1
votes

I'm dealing with topic modeling for short text and have come across three models that focus on the same: The biterm topic model (BTM), the word network topic model (WNTM) and the latent-feature LDA (LF-LDA).

I know that for conventional LDA (I have implemented it using the R package topicmodels), the unstructured shape of text documents is converted to a computer-readable format via the construction of a Document-Term matrix (DTM).
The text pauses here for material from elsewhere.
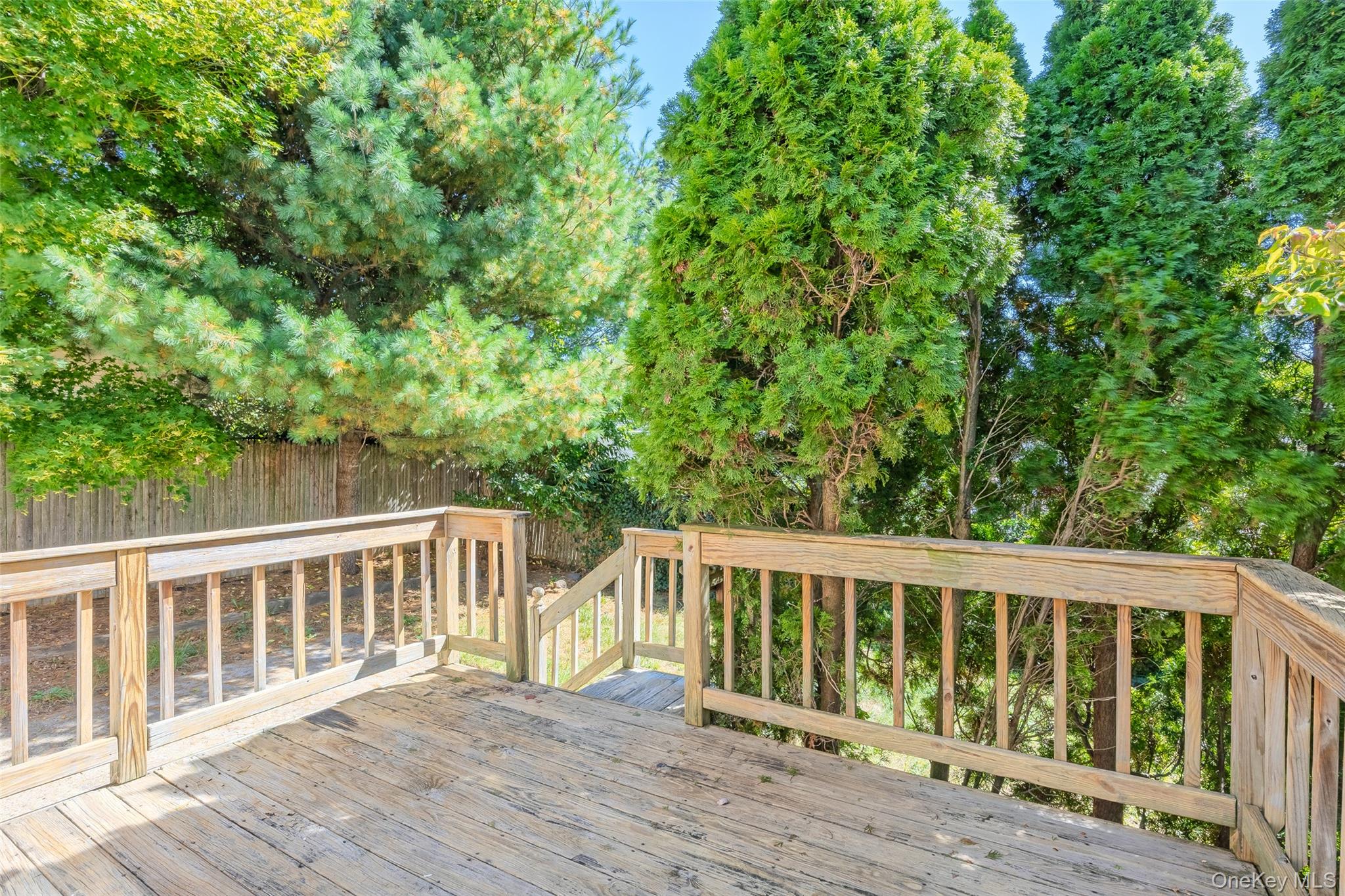 84 Broadway, Ronkonkoma, NY 11779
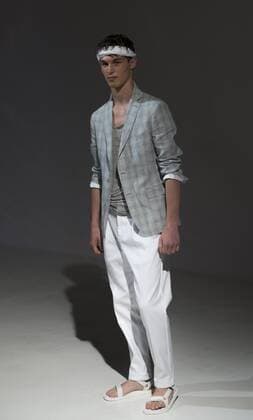 New York Fashion Week - Zachary Prell Modenschau New York Fashion week mens Spring Summer 2017 Model shows off dress by Zachary Prell during New York Fashion week mens Spring Summer 2017 at Skylight Clarkson  LevxRadin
I'm wondering if the above mentioned models use a similar way for implementation, especially if they also create a matrix that is similar to DTM. Does anyone know that? Unfortunately I couldn't find that information by reading the original papers.

Thank you in advance!

1
Since your question is less a programming issue but rather a general question about models and their structure you might consider asking at Crossvalidated instead of SO. To my knowledge, there is no implementation of topic modelling in R covering other models than LDA or CTM (VEM or Gibbs), yet. Corresponding packages would be topicmodels, lda, or text2vec, each using slightly different sampling/estimation algorithms.Manuel Bickel

1 Answers

1
votes

BTM and TKM (which might also be good for short texts - https://github.com/JohnTailor/tkm) do not construct a document term matrix (DTM). WNTM might construct one. I don't know LF-LDA. BTM, WNTM and TKM take into account the position of a word using sliding windows, e.g. "The house is white" and "The white house is" might give different results under certain settings. A DTM does not capture word order, ie. for the above examples both would give the same DTM. WNTM might benefit from a DTM, when infering the topic-document distribution, but for the inference of its parameters (word-topics) it does not.